Quebec City Quebec

Meeting Anthony Bourdain… kinda, in Quebec City

Melanie Chambers


I’ve been to Kapuskasing, Twillingate, Haida Gwaii, Elliot Lake, Thunder Bay, Dawson Creek, Edson, but never, ever, Quebec City.

It’s like eating rattlesnake, but never pizza. Everyone’s been to Quebec City.

So when my partner and I planned a thanksgiving road trip from hometown Toronto to Nova Scotia to see family, Quebec was necessary. Mandatory.

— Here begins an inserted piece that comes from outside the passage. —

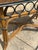 Brown British Colonial Antique Tile Top Bamboo Table For Sale - Image 8 of 8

As I often do with my trips, I began researching for ideas of places to see and things to do. I read some Lonely Planet recommendations, a few BBC articles, and then, the ultimate endorsement: Anthony Bourdain’s. This hard talking New York celebrity chef was my hero-- he had eaten in Quebec City, and raved about it. Months earlier, Bourdain, who struggled with mental health most of his life, finally succumbed to the darkness and killed himself. As a food writer and instructor, I have read Bourdain’s epic restaurant industry tell-all memoir almost a dozen times.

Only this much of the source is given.